# DIRECTIONS
Your task is to reproduce exactly the lines from the one containing "O Sepultamento de Cristo de Jacob Matham" through the last line below, both ends included, and nothing else, with no pictures.
Top of DATASET RECORDS
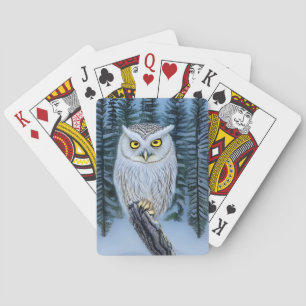 The Woodland North Woods Little Grey Owl Playing Cards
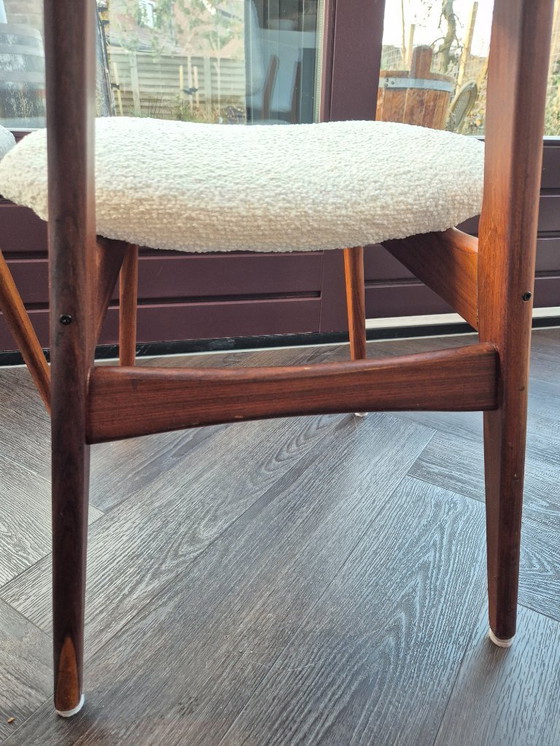 Image 1 of Vintage Danish style dining chairs teddy fabric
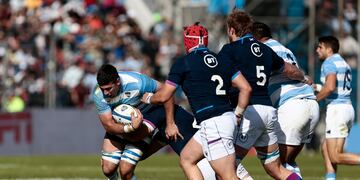 Los Pumas enfrentaron a Escocia en Jujuy en el marco de la ventana de julio. (Prensa UAR)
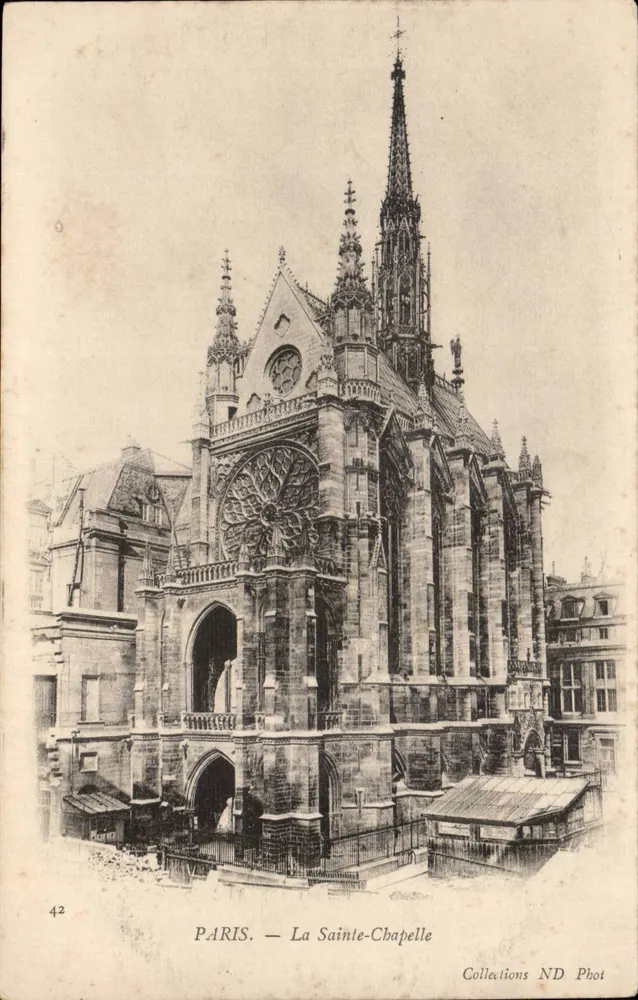 PARIS — A Santa Capela — Collections ND Phot - Frente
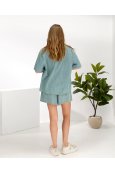 Костюм Сорочка + шорти U.Y 5865 блакитний - фото Костюм Сорочка + шорти U.Y 5865 блакитний - фото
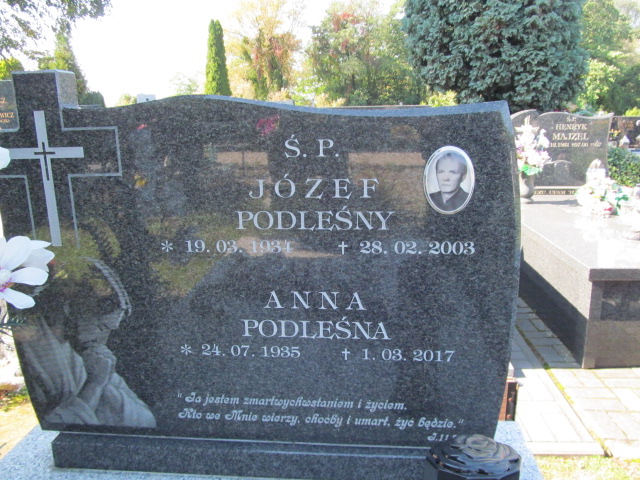 Anna Podleśna 1935 Tarnobrzeg Miechocin - Grobonet - Wyszukiwarka osób pochowanych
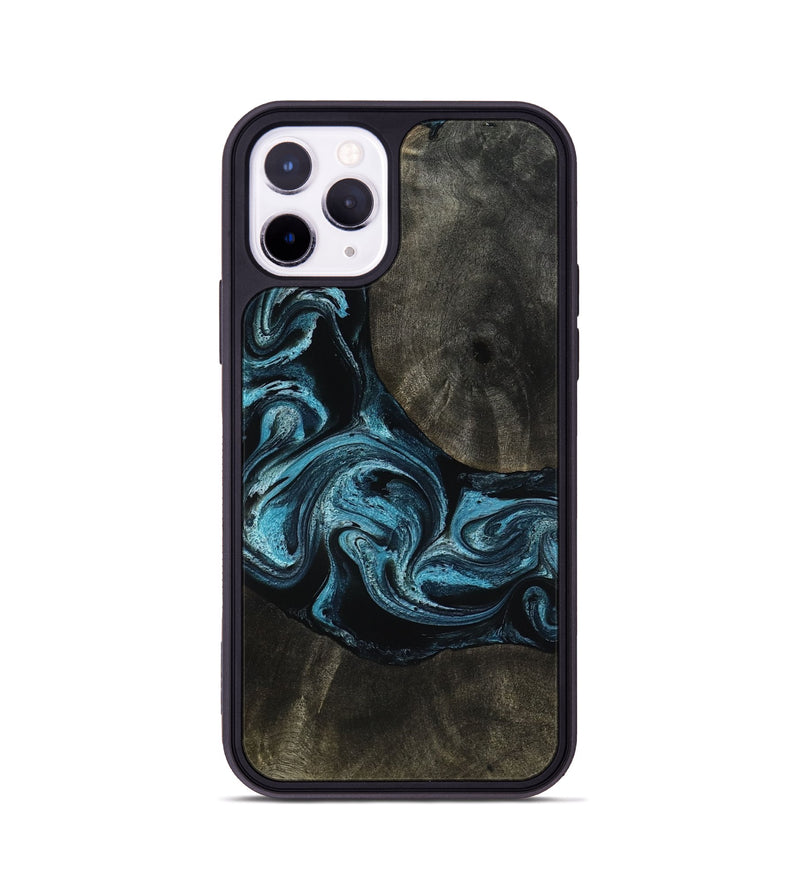 iPhone 11 Pro Wood Phone Case - Grady (Blue, 817688)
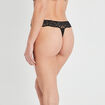 String en dentelle noir femme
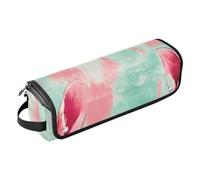 FRODOTGV Happy Easter Hot Cross Buns Organizador 2 en 1 de herramientas para el cabello con alfombrilla de hierro, impermeable, estuche de viaje para planchas planas, alisadores y rizadores, 14, 1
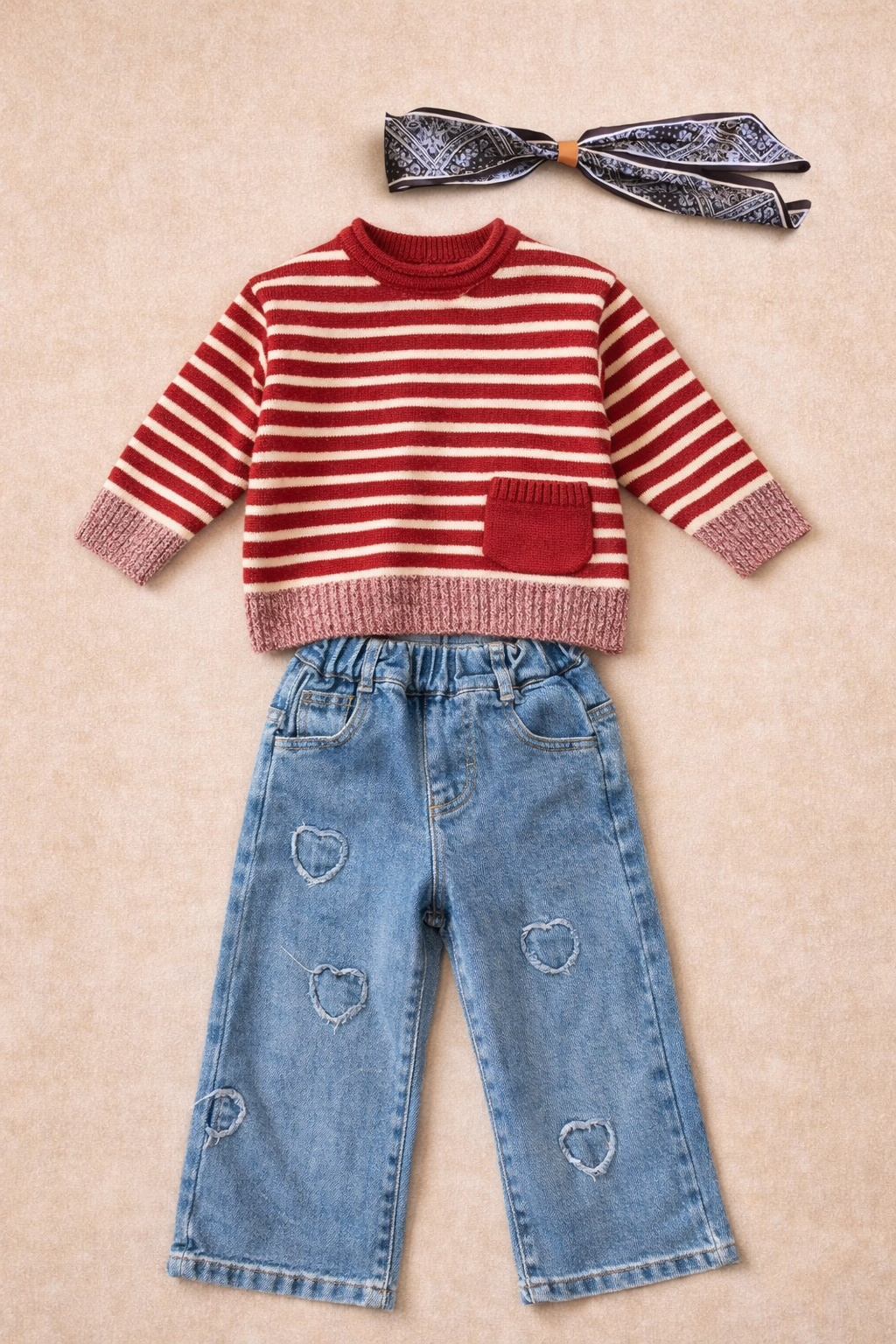 Sweater punto rayas - Imagen 4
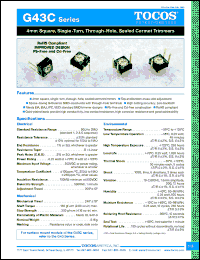 Click here to download G43CFB102M Datasheet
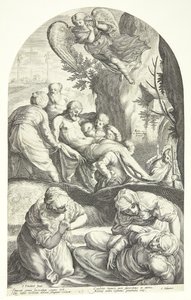 O Sepultamento de Cristo de Jacob Matham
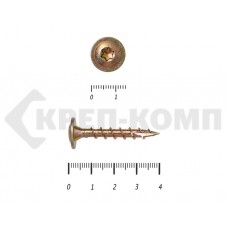 Саморезы с прессшайбой Torx, по дереву, желтый цинк6.0х 40 мм Prokrep (200 шт) Prokrep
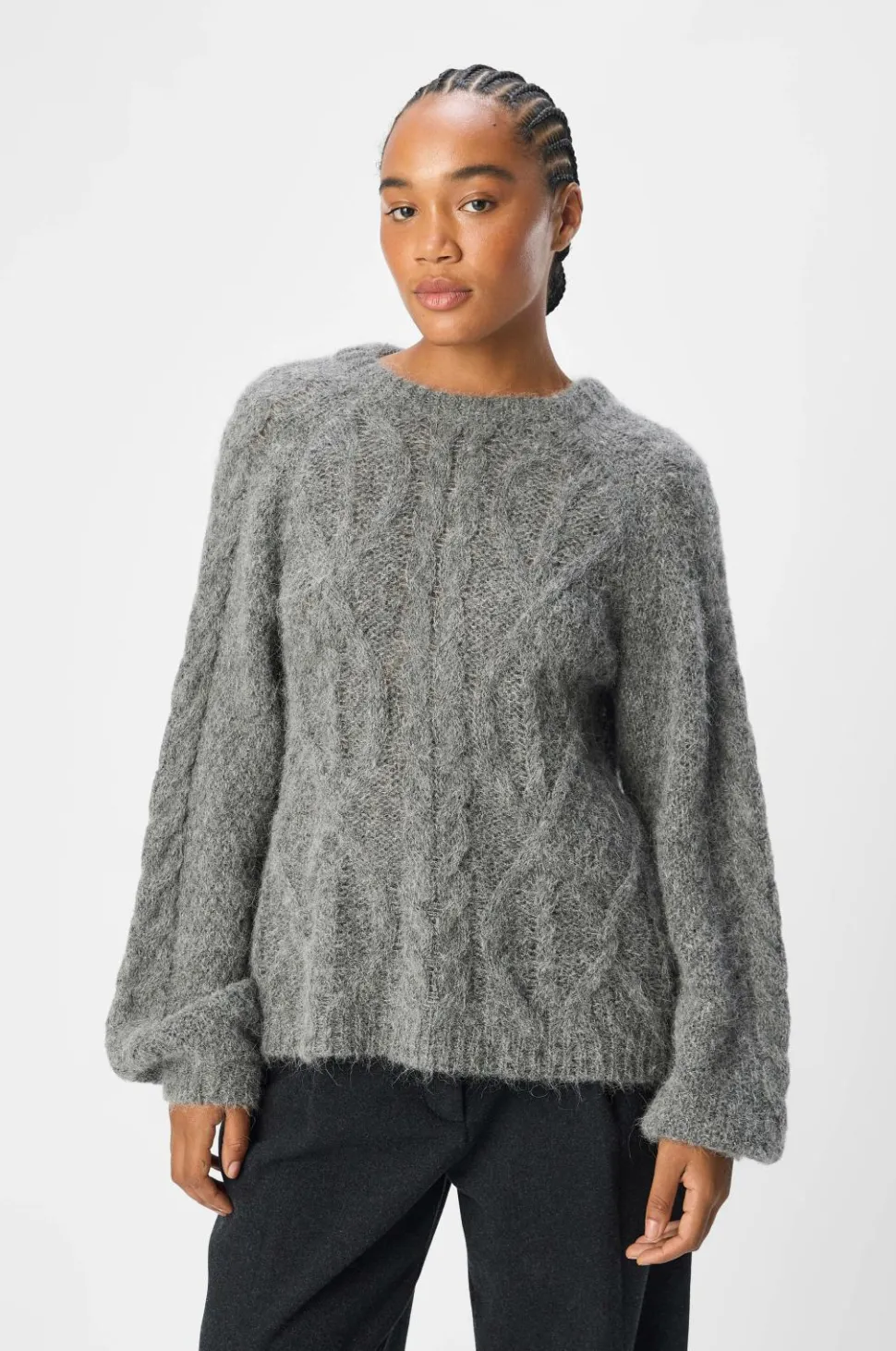Object Trøje objSmilla Knit RE L/S Pullover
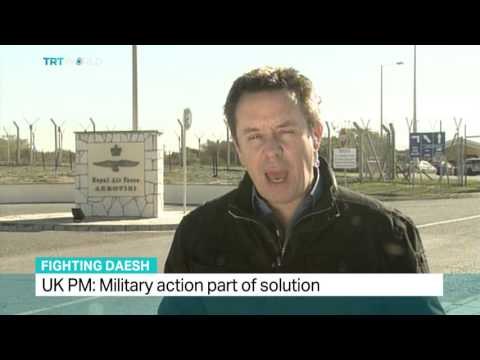 TRT World: UK starts air strikes in Syria, Francis Collings reports from Cyprus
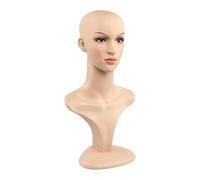 MotiveTech Realistic Female Mannequin Head Bust Display for Hairdresser Sunglasses Salon, Style A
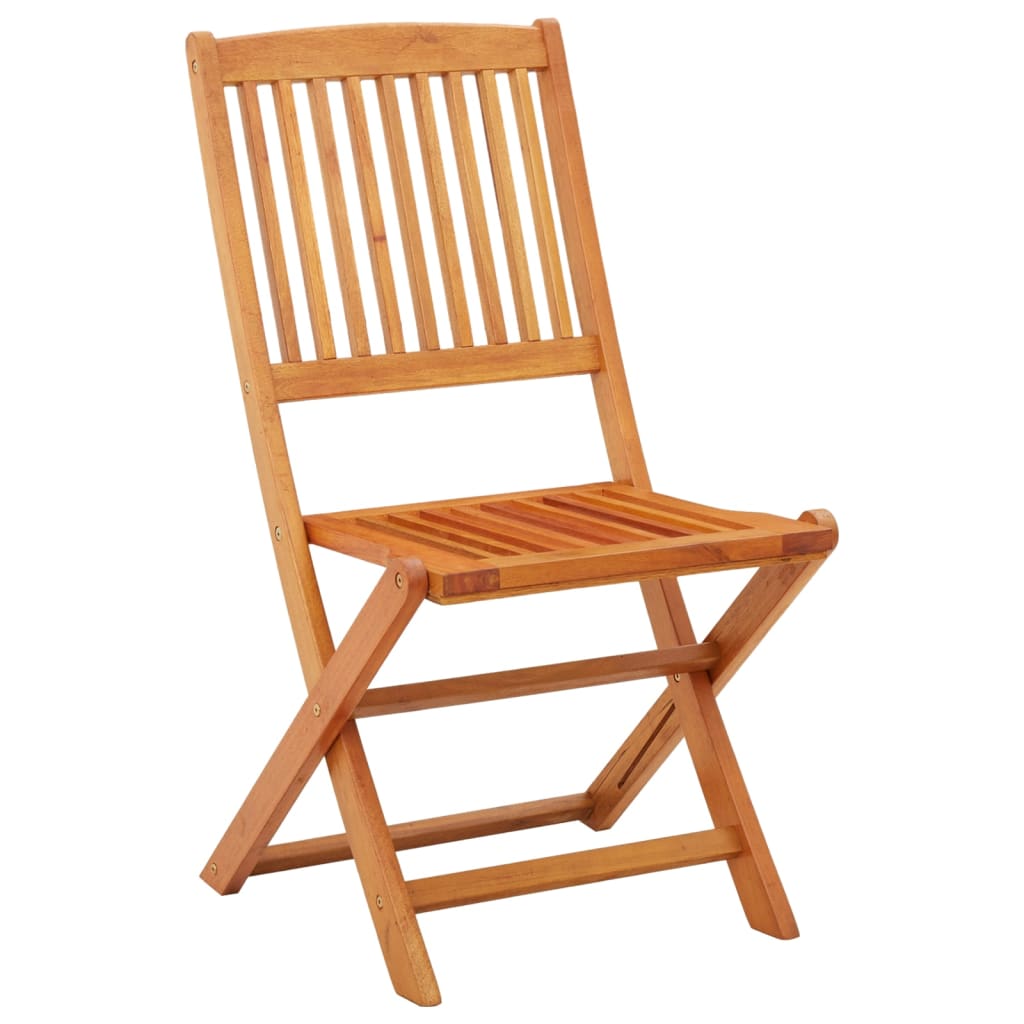 Vouwstoel Tuinstoel Klapstoel Balkonstoel Terrasstoel – Met Armleuning – Massief Eucalyptus Hout – Weerbestendig & Comfortabel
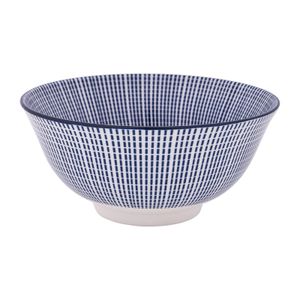 Schaaltje blue print - stripes - ⌀15 cm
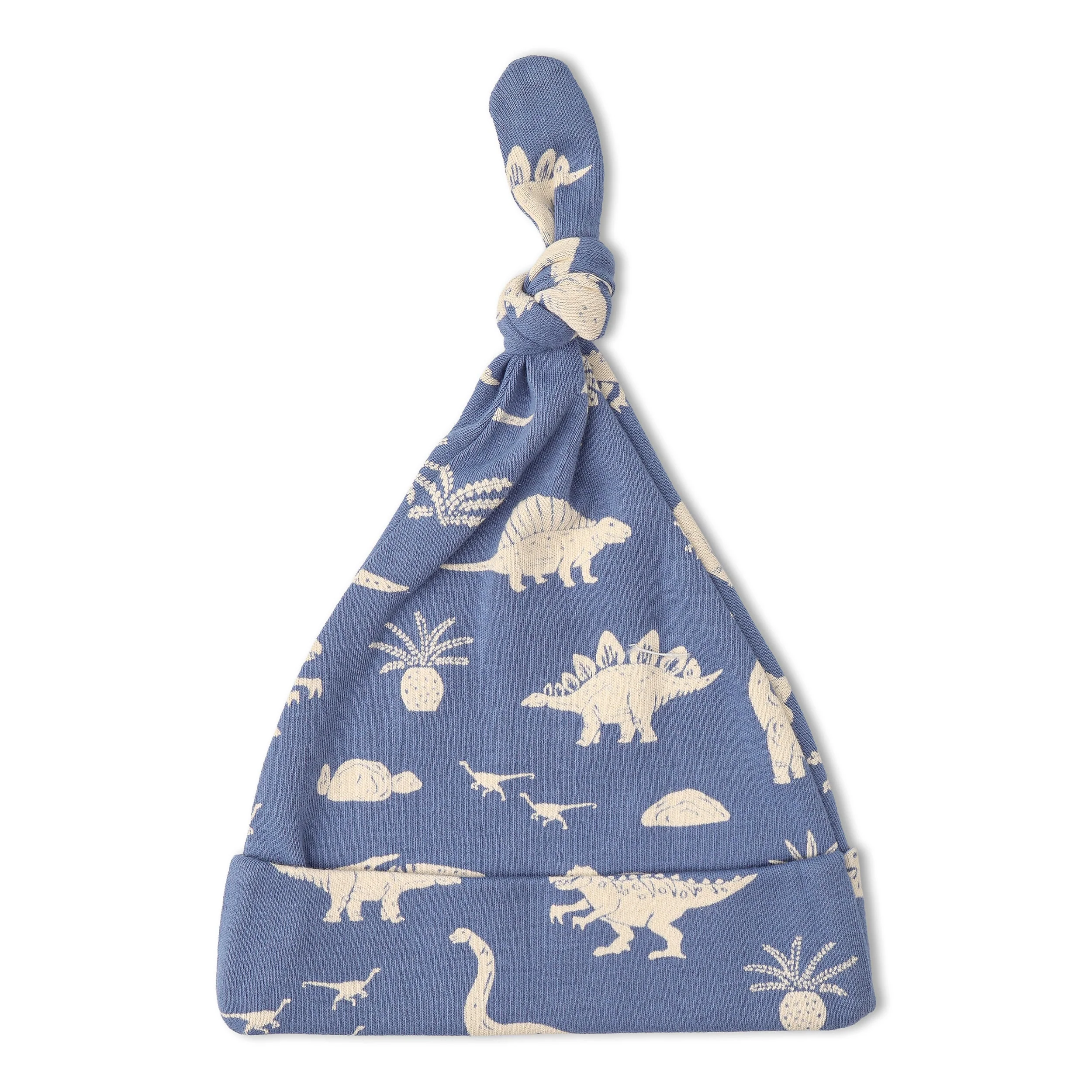 Organic Swaddle Blanket & Hat Set  - Dino - Image 5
Bottom of DATASET RECORDS
# REPLY TO THE TASK
 O Sepultamento de Cristo de Jacob Matham
 Саморезы с прессшайбой Torx, по дереву, желтый цинк6.0х 40 мм Prokrep (200 шт) Prokrep
Object Trøje objSmilla Knit RE L/S Pullover
 TRT World: UK starts air strikes in Syria, Francis Collings reports from Cyprus
 MotiveTech Realistic Female Mannequin Head Bust Display for Hairdresser Sunglasses Salon, Style A
 Vouwstoel Tuinstoel Klapstoel Balkonstoel Terrasstoel – Met Armleuning – Massief Eucalyptus Hout – Weerbestendig & Comfortabel
 Schaaltje blue print - stripes - ⌀15 cm
 Organic Swaddle Blanket & Hat Set  - Dino - Image 5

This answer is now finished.